I’m working on a program that reads and parses a text file formatted in ADIF (Amateur Data Interchange Format). The specifics of the format are actually quite simple and consist of various “Tags” and related data.
Each “Tag” is contained within a set of ‘<’ and ‘>’ and also contains an indication of the length of the data string following the tag. A special Tag “” marks the end of an individual data record. Records can contain several tags or just a few and are not case sensitive.
A sample Tag would be “Tag1:9Tag1 Data” where “Tag1” is he Tag, “9” is the number of characters in the Data, and “Tag1 Data” is the data for Tag1.
It seems to me that RegEx would be a convenient way to parse the records. First separating the records using the tag, and then using another RegEx to separate each Tag within each record to identify the Tag and the related data. A Tag would be a ‘<’ followed by any number of characters followed by a “:” followed by any set of numbers followed by a ‘>’.
I don’t expect anyone to spend much time on the solution, but I am having a hard time getting started from the Xojo documentation on RegEx so am looking for any pointers or examples that might help.
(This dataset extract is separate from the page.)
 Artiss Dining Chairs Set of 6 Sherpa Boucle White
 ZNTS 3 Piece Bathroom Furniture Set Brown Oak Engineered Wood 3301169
I’m no good at regex, but I would use nthField instead.
First make an array by looking for
Then separate to a new array by looking for <
Then I would pass the tags and get the data by the length
I would of course make classes for record and records to make it more OOP
hope it is of any help, though it wasn’t the answer you where looking for
Yes, Eli, it certainly can. I ASSUME that once I get a better understanding of Regular Expressions, that I’ll be able to handle all the varieties that can come along.
First, thanks to all for the kind words re. RegExRX.
I would use RegEx in a limited way, just to identify the tags. Why? Because the tags themselves contain data you need (the length) and a regex pattern can’t make use of that.
So I might do something like this:
// src will contain the entire data
dim rx as new RegEx
rx.SearchPattern = "<([^:]*):(\\d+)[^>]*>"
dim dict as new Dictionary
dim match as RegExMatch = rx.Search( src )
while match isa RegExMatch
src = src.LTrim
if src.Left( 5 ) = "<EOR>" then
exit while
end if
dim tag as string = match.SubExpressionString( 1 )
dim length as integer = val( match.SubExpressionString( 2 ) )
dim matchLen as integer = match.SubExpressionString( 0 ).Len
dim data as string = src.Mid( matchLen + 1, length )
dict.Value( tag ) = data
src = src.Mid( matchLen + length + 1 )
match = rx.Search( src )
wend
I did this off the top of my head (IOW, not tested) and, with refinement, I’d find a way to eliminate the src = src.Mid line as that will take a lot of time, but you get the idea.
This code will safely read one record. Even if a tag is written like <tag:5><eor> , it will still work, something that splitting on “” will not.